Sapevo che il signor Margiotta, che è poeta, aveva
dedicato a Bovio un volume di versi, ed avevo avuto cura
di dire che i massoni presentati a miss Vaughan nel 1889
lo furono per mezzo di Bovio e di Cosma Panunzi.
Aggiunsi che questi fratelli ai quali essa aveva offerto
il the erano tanto numerosi che non ricordava né i loro
nomi né le loro fisionomie. Il sig. Margiotta rischiò da
principio timidamente qualche allusione a questo antico
incontro, poi, vedendo la buona piega che prendeva la
cosa, constatando che miss Diana non lo smentiva, ci
cadde dentro: ed andò anche troppo lontano.
Più tardi quando giudicai che bisognava impedire che la
mistificazione indovinata in Germania, crollasse nel
silenzio di una Commissione; quando m'intesi col dottore
per gettare un suono d'allarme in mezzo alla esaltazione
dei cardinali mistificati; quando io e Bataille, sempre
d'accordo, fingevamo di tirarci contro, a palle
infuocate, il signor Margiotta, avendo finalmente aperti
gli occhi, temette il ridicolo, e preferì dichiararsi
complice, piuttosto che cieco, e volontariamente
arruolato nella nostra flotta.
Ma non ci conviene mostrarci più numerosi di quel che
fummo in realtà: fummo in tre soli, e ce n'era d'avanzo!

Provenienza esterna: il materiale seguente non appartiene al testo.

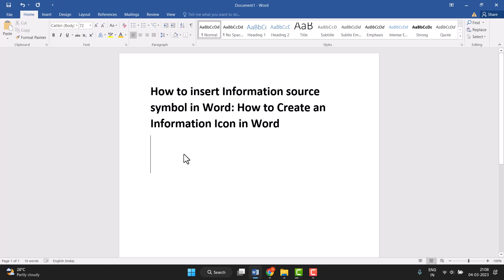Hello friends, today in this video I will show you how to insert an information source symbol in Word and how to create an information icon in Word. Very easily you can insert or create it.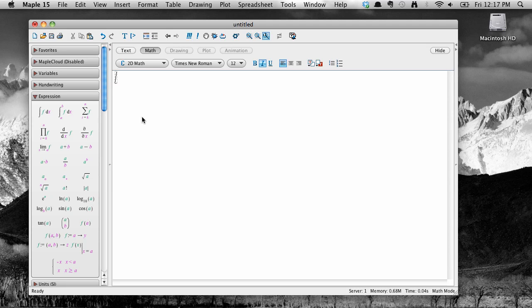Welcome again to another screencast on Maple 15. This screencast is going to focus on another way Maple makes it easy to do things just by pointing and clicking, this time through the use of context menus.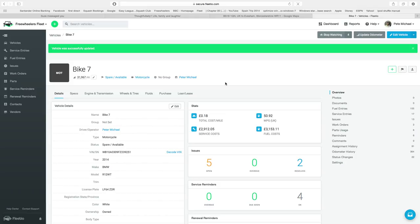I've had a few questions about tyre pressures on the bikes, so it's now been added to the fleet management system.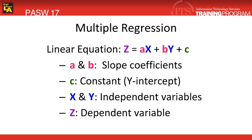Multiple regression estimates the coefficients of the linear equation when more than one independent variable best predicts the value of the dependent variable.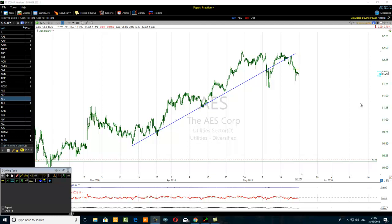Hello, today's video is about how to set the stop-loss precisely. In the first part of this series, we were talking about how to set a stop-loss precisely using the 100-period moving average. If you watched part one, thank you very much.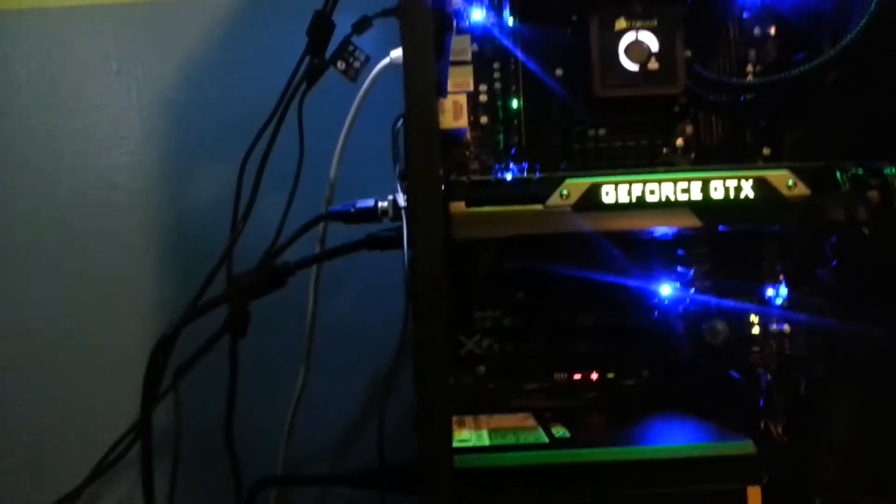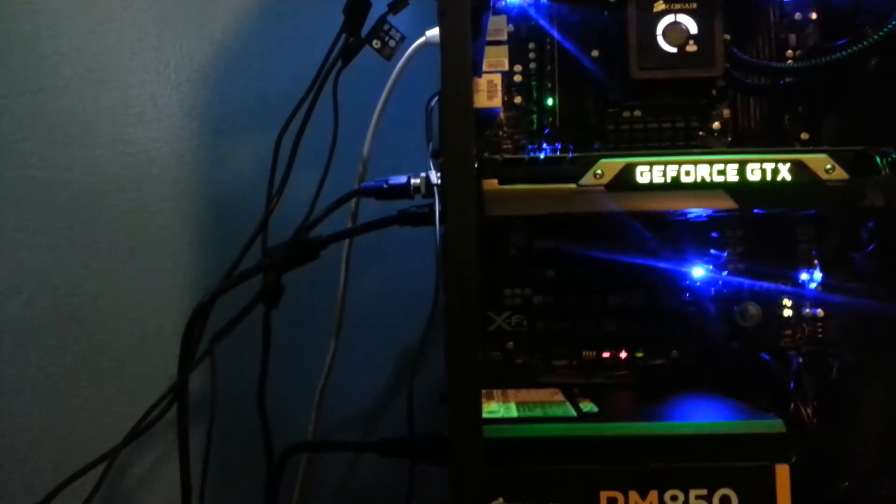I'll test the other DIMM later. Right now I just want my computer to be on.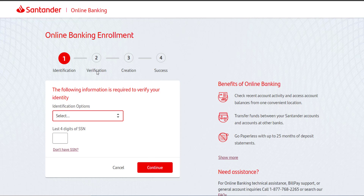After that, you'll have to complete the verification process. Once you follow all the steps provided to you, you'll be successfully registered to Santander Bank's online banking services.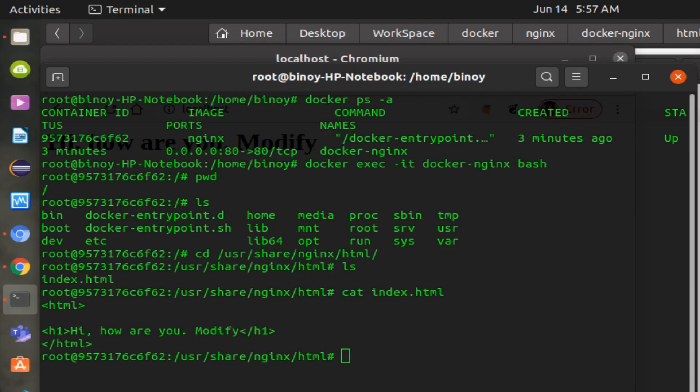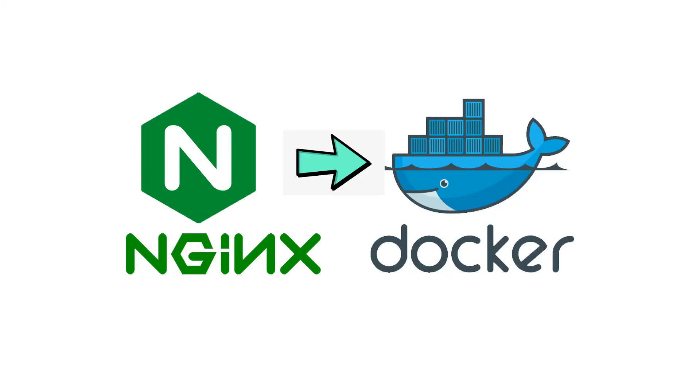In the next video, I will explain how to create a configuration file on the Nginx server and how to forward the request to a Tomcat server running on a different Docker. So please subscribe and click the bell icon to get updates when new content is added.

Gli editori stessi sono stati mistificati dai prezzi
elevati, ma oggi non hanno a dolersene; prima perché le
nostre coraggiose pubblicazioni hanno valso loro le più
incoraggianti felicitazioni episcopali, senza contare
quelle dei gravi teologi che non si stupirono né del
nostro coccodrillo che suona il piano, né dei viaggi di
Miss Vaughan nei diversi pianeti (Risa); quindi perché
questa triplice collaborazione ha permesso loro di
pubblicare delle opere che possono rivaleggiare con le
Mille ed una notte, che sono state divorate con delizia,
e che ancora si leggeranno, non più, forse, per
convinzione, ma per curiosità.
Invero, non è cosa da poco aver fatto accettare nel
secolo XIX le nostre storie meravigliose. Tuttavia io mi
domando quanto diritto abbiano oggi di adirarsi gli alti
approvatori del Palladismo svelato. Quando ci si accorge
di essere stati mistificati, il meglio che ci resti a
fare è riderne con la platea. Sì, signor abate Garnier:
adirandovi farete ridere troppo di voi.
L'abate Garnier: Siete una canaglia! (Si cerca di
calmarlo).
Leo Taxil (Quando il tumulto si è calmato): I
mistificati del Palladismo si possono dividere in due
categorie: quelli che lo sono stati in buona fede,
interamente in buona fede. Questi furono vittime della
loro scienza teologica e dei loro studi, accaniti contro
tutto ciò che abbia relazione colla Massoneria. E mi
convenne immergermi fino al collo in queste scienze, per
immaginare ogni cosa in modo che non si scoprisse
l'inganno. Credete, per esempio, che mi sia stato facile
di darla ad intendere al sig. De la Rive, il quale è
l'indagine incarnata, che sezionerebbe al microscopio
gl'invisibili, e che darebbe dei punti ai nostri
migliori giudici d'istruzione? Può vantarsi di avermi
dato del filo da torcere!
Tutto il mio Palladismo era stato solidamente costruito,
quanto alla parte massonica propriamente detta, dal
momento che dei massoni, dei 33, non hanno creduto
l'edificio un vano miraggio e hanno domandato di
entrarvi (Risa).
L'impossibilità del Palladismo non si rivela che per il
soprannaturale di cui l'abbiamo riempito. Ora queste
cose diaboliche non potevano mettere in guardia che
coloro che non credono alle diavolerie raccontate da
altri libri, dai libri ascetici.
Asmodeo trasportante Miss Diana Vaughan al paradiso
terrestre, non è certo più straordinario di messer
Satana che trasporta Gesù Cristo stesso sulla cima di
una montagna, da cui gli mostra tutti i regni della
terra... che è tonda!
Voci diverse: Bravo!
Leo Taxil: O si ha la fede o non si ha! (Risa).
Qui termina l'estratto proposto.